→ **Task directions**
Locate the word "wall" in the entries below, then gather every line that holds it.

→ **Available data**
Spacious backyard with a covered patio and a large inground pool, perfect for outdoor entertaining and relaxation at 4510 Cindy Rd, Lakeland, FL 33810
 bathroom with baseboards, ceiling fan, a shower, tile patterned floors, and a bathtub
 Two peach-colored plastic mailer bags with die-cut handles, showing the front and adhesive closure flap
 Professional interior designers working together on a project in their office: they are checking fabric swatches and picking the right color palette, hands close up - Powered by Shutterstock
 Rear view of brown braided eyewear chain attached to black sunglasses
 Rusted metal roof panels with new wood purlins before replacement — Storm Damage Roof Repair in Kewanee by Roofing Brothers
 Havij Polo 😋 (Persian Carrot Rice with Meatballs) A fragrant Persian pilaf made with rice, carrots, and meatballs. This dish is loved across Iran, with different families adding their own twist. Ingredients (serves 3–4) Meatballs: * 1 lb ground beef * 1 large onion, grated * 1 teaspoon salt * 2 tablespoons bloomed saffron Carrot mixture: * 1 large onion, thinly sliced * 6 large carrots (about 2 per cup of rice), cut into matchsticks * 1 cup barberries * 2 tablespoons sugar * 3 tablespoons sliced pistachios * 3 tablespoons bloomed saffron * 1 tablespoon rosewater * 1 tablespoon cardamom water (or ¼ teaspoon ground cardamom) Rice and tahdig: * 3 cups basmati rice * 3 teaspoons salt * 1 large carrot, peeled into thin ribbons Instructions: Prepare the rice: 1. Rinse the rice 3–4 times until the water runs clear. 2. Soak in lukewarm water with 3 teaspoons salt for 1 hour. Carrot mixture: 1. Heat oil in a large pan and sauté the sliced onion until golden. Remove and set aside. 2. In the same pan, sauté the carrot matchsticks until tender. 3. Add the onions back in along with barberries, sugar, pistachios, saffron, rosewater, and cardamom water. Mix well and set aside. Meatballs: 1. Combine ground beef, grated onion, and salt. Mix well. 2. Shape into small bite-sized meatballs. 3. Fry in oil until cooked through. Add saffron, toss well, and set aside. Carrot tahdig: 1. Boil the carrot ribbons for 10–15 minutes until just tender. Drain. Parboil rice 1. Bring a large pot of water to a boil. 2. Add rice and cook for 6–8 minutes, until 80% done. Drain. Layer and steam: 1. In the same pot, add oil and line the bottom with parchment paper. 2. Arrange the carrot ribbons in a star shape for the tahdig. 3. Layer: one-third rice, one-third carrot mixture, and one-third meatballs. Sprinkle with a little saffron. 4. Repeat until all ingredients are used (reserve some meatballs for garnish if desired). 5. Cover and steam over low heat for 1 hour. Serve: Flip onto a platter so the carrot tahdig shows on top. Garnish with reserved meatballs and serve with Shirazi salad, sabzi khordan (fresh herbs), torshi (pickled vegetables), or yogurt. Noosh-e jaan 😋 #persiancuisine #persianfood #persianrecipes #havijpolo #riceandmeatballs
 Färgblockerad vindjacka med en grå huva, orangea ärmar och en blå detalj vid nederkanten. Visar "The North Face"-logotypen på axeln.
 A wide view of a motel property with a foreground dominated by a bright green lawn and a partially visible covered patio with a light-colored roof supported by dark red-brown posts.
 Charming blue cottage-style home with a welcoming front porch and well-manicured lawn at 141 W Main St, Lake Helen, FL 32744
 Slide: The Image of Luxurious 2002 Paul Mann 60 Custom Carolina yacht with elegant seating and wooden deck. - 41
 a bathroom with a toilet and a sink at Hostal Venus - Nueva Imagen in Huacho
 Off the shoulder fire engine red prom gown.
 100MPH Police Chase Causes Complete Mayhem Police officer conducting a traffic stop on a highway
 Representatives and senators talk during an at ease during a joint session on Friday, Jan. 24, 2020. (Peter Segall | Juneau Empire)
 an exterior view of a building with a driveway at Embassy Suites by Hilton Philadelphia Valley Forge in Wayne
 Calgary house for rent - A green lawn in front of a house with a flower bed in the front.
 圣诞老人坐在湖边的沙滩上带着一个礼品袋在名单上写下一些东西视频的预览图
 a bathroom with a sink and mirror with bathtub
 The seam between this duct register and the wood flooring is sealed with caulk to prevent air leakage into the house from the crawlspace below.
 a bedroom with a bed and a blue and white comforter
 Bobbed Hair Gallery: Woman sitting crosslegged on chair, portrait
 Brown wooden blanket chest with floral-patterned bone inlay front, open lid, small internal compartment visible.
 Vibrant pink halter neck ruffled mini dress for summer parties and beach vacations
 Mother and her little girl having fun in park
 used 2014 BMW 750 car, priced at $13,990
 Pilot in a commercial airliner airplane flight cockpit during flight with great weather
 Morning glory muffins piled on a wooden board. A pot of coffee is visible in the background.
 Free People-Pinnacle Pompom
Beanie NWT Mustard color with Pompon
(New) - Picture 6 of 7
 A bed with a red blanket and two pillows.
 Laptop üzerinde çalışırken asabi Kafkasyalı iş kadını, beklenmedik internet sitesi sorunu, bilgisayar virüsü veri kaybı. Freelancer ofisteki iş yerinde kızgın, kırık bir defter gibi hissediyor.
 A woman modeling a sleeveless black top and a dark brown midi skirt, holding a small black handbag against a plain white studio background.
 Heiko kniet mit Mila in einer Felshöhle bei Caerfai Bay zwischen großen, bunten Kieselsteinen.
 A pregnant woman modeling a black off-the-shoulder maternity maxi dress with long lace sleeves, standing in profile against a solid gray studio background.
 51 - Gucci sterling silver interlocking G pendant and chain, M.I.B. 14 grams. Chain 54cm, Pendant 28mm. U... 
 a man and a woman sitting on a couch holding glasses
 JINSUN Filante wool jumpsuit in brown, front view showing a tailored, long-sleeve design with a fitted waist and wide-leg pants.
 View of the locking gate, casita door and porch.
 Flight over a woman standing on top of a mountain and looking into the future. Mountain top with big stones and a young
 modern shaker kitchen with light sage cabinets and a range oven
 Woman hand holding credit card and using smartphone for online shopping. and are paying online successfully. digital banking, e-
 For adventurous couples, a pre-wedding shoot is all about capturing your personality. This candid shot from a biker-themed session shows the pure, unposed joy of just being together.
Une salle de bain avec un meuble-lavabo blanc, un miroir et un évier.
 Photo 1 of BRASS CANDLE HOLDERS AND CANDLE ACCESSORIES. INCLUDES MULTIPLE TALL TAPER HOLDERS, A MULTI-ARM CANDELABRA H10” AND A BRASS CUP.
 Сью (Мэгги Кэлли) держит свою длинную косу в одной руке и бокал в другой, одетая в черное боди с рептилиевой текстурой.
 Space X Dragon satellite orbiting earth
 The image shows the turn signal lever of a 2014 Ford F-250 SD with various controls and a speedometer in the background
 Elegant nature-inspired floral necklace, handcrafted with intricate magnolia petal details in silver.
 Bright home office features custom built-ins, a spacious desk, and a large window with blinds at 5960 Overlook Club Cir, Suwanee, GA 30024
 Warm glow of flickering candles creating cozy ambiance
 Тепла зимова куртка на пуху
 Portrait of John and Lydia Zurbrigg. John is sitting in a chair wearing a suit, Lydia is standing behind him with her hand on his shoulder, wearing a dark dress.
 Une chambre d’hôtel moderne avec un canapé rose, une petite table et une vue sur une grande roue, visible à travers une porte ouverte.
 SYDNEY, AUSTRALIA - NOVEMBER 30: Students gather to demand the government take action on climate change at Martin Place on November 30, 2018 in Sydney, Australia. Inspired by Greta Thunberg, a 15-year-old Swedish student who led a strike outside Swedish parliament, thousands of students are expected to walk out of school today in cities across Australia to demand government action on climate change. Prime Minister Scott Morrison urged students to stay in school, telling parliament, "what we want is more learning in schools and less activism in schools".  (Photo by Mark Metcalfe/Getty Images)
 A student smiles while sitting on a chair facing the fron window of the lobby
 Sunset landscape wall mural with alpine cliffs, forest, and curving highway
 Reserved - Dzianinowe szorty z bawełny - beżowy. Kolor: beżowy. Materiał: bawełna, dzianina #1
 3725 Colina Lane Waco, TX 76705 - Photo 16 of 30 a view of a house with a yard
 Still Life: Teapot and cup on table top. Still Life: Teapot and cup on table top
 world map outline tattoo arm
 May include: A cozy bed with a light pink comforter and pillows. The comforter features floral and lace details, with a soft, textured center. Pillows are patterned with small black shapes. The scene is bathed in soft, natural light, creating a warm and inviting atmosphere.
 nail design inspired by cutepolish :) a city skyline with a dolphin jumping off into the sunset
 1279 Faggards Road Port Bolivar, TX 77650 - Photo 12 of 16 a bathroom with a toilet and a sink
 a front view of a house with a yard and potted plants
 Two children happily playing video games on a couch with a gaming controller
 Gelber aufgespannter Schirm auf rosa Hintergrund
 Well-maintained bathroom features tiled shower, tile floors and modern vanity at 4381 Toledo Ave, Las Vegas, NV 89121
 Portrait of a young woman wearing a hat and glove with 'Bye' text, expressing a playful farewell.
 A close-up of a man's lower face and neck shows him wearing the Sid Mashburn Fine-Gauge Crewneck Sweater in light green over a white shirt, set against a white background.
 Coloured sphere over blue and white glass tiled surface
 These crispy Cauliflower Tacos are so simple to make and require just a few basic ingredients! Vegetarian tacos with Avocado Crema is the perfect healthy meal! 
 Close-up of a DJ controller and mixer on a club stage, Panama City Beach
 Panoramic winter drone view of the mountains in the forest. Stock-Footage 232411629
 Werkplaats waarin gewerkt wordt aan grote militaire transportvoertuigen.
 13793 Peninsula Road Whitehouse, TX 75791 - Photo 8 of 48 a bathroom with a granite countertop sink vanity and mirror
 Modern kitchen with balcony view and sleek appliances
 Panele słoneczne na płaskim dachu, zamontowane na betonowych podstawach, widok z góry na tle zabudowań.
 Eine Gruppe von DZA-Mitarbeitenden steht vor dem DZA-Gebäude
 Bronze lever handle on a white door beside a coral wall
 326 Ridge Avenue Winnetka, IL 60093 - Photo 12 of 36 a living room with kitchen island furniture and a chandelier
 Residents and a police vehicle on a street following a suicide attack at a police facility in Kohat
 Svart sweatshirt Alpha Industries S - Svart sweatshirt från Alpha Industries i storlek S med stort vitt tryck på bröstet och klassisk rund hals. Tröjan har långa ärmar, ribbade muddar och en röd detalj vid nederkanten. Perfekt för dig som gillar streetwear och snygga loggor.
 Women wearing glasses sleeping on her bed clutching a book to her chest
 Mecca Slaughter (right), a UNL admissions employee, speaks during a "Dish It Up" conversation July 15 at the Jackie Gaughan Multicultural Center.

→ **Expected answer**
 Sunset landscape wall mural with alpine cliffs, forest, and curving highway
 Bronze lever handle on a white door beside a coral wall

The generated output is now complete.